Start of SOURCE MATERIAL
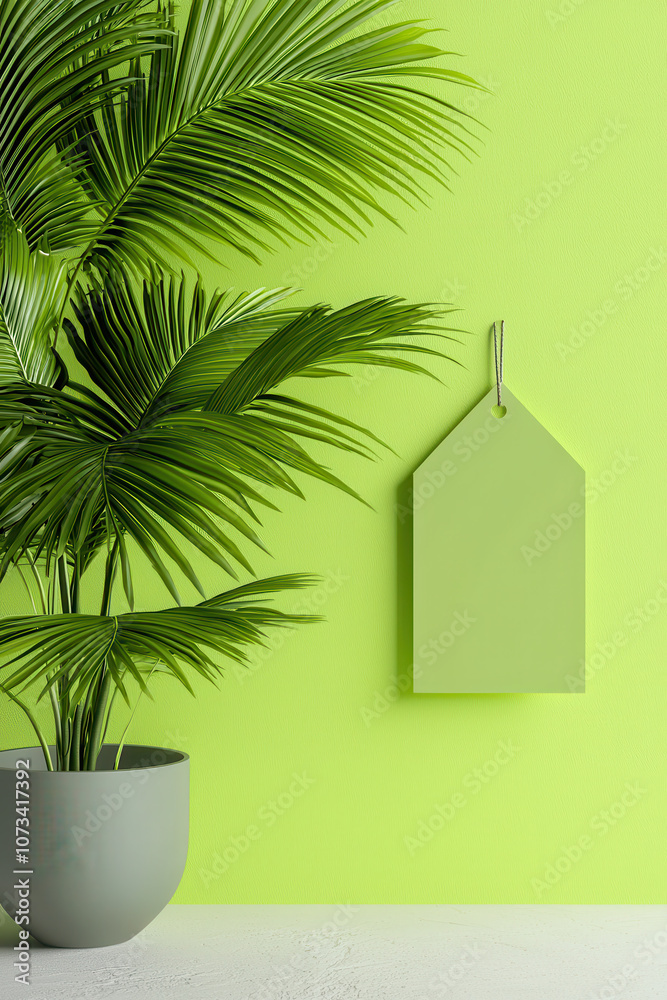 Obraz premium Features vibrant indoor focus large potted - plant positioned centrally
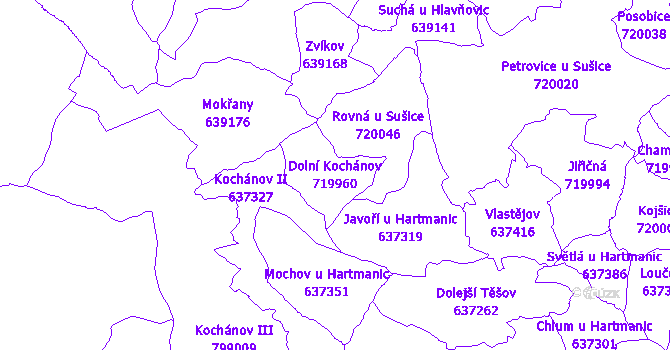 Katastrální mapa Dolní Kochánov - přehledová mapa katastrálního území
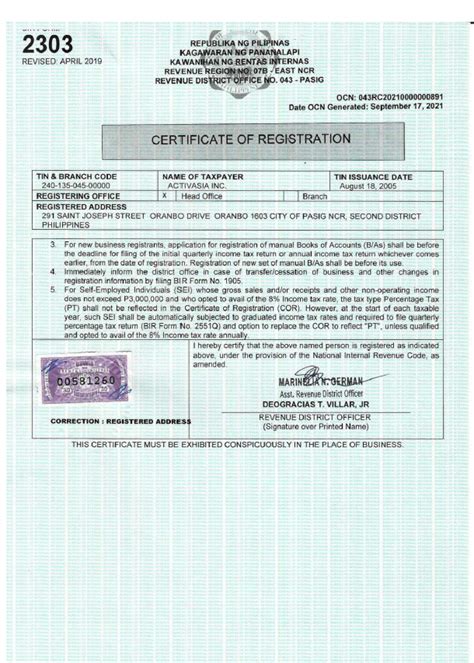 ebirforms-noreply@bir.gov.ph|How to Renew Certificate of Registration BIR (Form 2303) .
End of SOURCE MATERIAL
TASK GOAL: Retype the entire listing exactly as it appears, dropping only the pictures.

REPLY:
 Obraz premium Features vibrant indoor focus large potted - plant positioned centrally
 Katastrální mapa Dolní Kochánov - přehledová mapa katastrálního území
 ebirforms-noreply@bir.gov.ph|How to Renew Certificate of Registration BIR (Form 2303) .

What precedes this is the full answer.